# Optimization

## Introduction

Structure-promoting optimization and Optimization with constraints have and continue to play a key role in the development of seismic wavefield recovery as part of Acquisition, Processing, Compressive Imaging, Full-waveform inversion. At SLIM, we have made considerable efforts towards the development of several *scalable* (convex) optimization techniques culminating in an extensive body of work including

- early work on Sparse recovery by Gilles Hennenfent, Ewout van den Berg, Michael P. Friedlander, and Felix J. Herrmann, “New insights into one-norm solvers from the Pareto curve”, Geophysics, vol. 73, pp. A23-A26, 2008
- wavefield reconstruction via Matrix completion by Aleksandr Y. Aravkin, Rajiv Kumar, Hassan Mansour, Ben Recht, and Felix J. Herrmann, “Fast methods for denoising matrix completion formulations, with applications to robust seismic data interpolation”, SIAM Journal on Scientific Computing, vol. 36, pp. S237-S266, 2014
- Imaging with stochastic linearized Bregman by Emmanouil Daskalakis, Felix J. Herrmann, and Rachel Kuske, “Accelerating Sparse Recovery by Reducing Chatter”, SIAM Journal on Imaging Sciences, vol. 13, pp. 1211–1239, 2020
- Full-waveform inversion with constraints by Ernie Esser, Lluís Guasch, Tristan van Leeuwen, Aleksandr Y. Aravkin, and Felix J. Herrmann, “Total-variation regularization strategies in full-waveform inversion”, SIAM Journal on Imaging Sciences, vol. 11, pp. 376-406, 2018
- Projection on the intersection of multiple constraint sets by Bas Peters, Brendan R. Smithyman, and Felix J. Herrmann, “Projection methods and applications for seismic nonlinear inverse problems with multiple constraints”, Geophysics, vol. 84, pp.
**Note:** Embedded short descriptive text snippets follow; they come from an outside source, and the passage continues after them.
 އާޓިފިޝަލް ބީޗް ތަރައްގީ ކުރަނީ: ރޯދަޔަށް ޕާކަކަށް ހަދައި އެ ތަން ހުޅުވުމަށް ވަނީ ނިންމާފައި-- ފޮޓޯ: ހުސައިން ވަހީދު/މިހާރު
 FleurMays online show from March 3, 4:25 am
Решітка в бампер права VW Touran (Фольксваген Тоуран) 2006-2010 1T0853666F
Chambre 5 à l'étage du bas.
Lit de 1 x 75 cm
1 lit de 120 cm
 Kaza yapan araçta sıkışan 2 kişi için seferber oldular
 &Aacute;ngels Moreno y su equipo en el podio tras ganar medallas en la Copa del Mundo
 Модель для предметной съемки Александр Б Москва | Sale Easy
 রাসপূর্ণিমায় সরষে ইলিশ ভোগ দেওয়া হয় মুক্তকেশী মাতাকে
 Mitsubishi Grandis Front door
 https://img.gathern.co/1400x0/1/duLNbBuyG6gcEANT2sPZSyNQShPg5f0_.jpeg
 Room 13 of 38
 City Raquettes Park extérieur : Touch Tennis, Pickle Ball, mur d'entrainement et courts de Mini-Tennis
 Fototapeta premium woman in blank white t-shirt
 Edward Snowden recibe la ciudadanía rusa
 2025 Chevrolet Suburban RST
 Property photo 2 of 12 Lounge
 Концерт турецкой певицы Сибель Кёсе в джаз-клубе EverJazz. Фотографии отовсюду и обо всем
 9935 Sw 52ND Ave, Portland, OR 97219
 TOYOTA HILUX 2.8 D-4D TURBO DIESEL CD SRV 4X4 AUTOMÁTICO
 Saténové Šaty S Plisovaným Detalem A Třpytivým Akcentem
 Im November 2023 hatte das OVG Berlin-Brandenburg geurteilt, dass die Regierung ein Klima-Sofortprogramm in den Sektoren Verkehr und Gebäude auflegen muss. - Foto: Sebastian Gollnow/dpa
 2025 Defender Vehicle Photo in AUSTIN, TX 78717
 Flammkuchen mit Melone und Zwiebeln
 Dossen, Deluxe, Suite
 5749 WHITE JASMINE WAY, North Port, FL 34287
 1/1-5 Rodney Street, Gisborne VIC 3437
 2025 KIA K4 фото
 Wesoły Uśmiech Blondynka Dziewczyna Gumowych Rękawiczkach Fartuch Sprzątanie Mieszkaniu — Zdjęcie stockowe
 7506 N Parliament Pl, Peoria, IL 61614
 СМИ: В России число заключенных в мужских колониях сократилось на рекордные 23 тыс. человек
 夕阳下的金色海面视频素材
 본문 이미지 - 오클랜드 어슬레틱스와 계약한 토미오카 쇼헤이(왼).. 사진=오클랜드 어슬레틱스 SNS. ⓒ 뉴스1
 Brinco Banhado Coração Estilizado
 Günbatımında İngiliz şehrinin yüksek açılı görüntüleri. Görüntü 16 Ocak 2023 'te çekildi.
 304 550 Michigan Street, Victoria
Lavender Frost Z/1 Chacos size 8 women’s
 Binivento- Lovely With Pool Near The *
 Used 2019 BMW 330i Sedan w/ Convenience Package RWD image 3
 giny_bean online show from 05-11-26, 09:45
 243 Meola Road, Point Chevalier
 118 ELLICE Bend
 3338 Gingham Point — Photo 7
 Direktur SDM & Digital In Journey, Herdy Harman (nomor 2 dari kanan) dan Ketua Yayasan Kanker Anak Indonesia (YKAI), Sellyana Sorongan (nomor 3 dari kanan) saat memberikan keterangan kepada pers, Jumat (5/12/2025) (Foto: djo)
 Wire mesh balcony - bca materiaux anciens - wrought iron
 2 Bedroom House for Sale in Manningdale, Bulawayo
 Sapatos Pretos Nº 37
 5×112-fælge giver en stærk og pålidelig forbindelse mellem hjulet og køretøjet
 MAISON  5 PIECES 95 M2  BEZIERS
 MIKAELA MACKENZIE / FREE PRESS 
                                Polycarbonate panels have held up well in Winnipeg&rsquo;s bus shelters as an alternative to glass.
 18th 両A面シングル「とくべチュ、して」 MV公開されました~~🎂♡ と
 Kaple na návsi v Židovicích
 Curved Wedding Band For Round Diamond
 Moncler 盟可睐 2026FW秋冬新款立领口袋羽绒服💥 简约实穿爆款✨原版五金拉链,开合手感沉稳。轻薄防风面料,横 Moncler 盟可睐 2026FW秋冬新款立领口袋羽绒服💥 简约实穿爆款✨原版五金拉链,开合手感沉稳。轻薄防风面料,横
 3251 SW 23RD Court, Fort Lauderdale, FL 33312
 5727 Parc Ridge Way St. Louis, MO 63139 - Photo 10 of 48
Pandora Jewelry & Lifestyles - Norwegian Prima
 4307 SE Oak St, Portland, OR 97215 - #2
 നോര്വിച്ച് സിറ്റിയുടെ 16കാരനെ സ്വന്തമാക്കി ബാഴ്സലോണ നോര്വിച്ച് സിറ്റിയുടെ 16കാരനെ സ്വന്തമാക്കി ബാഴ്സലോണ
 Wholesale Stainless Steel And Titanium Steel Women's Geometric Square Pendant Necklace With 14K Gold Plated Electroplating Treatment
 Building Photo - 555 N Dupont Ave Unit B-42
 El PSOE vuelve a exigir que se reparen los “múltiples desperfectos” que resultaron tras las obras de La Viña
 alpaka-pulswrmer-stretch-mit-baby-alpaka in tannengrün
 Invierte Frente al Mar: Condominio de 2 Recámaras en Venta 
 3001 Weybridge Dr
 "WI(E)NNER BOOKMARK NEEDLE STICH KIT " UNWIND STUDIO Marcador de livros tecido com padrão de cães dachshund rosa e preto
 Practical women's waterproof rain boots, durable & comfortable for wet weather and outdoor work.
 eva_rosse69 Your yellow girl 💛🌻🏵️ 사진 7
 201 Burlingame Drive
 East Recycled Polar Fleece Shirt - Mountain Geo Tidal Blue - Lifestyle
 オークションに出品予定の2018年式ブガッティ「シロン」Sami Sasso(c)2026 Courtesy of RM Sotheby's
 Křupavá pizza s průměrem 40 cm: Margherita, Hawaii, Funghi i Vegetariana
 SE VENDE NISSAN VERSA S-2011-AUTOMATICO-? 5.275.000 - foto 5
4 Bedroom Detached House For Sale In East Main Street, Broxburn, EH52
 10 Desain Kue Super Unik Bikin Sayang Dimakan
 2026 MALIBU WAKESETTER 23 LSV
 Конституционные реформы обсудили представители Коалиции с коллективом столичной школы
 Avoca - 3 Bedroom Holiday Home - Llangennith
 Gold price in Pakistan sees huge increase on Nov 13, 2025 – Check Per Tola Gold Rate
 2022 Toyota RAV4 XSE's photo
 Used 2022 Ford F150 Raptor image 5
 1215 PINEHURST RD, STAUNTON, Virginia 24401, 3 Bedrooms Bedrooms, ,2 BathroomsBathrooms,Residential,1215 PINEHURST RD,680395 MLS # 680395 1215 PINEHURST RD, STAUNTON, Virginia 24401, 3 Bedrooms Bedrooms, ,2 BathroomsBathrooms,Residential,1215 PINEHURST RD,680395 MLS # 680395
R251-R269, 2018.

Below, we provide highlights.

## Structure-promoting optimization

During the early stages of oil and gas exploration and during monitoring of e.g. Geological Carbon Storage, Acquisition of seismic data is essential but expensive. Compressive Sensing (Candès et al., 2006) can be used to improve efficiency of this step. Throughout Compressive Sensing, seismic data is collected randomly along spatial coordinates to improve acquisition productivity and reduce costs (see e.g. randomized marine acquisition). While random sampling increases acquisition productivity (Mosher et al., 2014, A. Aravkin et al. (2014)), it shifts the burden from data Acquisition to data Processing (Chiu, 2019) because densely periodically sampled data are often required by subsequent data Processing steps such as multiple removal and Imaging. Among the different wavefield reconstruction approaches, low-rank matrix factorization (Kumar et al., 2015) represents a relatively simple and scalable approach, which utilizes *low-rank structure* exhibited by densely regularly sampled data organized in matrix form in the *midpoint-offset domain* by *monochromatic* frequency slices. As shown by Kumar (2017), fully sampled seismic lines are *low rank*—i.e, they can well be approximated while randomly subsampled seismic lines are **not** low rank. Juxtapose the decay of singular in Figure 1 between fully sampled and randomly sample 2D data from the Gulf. Wavefield reconstruction exploits this property, which extends to permuted *monochromatic* 3D seismic data organized in *non-canonical* form by lumping source/receiver coordinates together rather than combining the two source and receiver coordinates together (Da Silva and Herrmann, 2015).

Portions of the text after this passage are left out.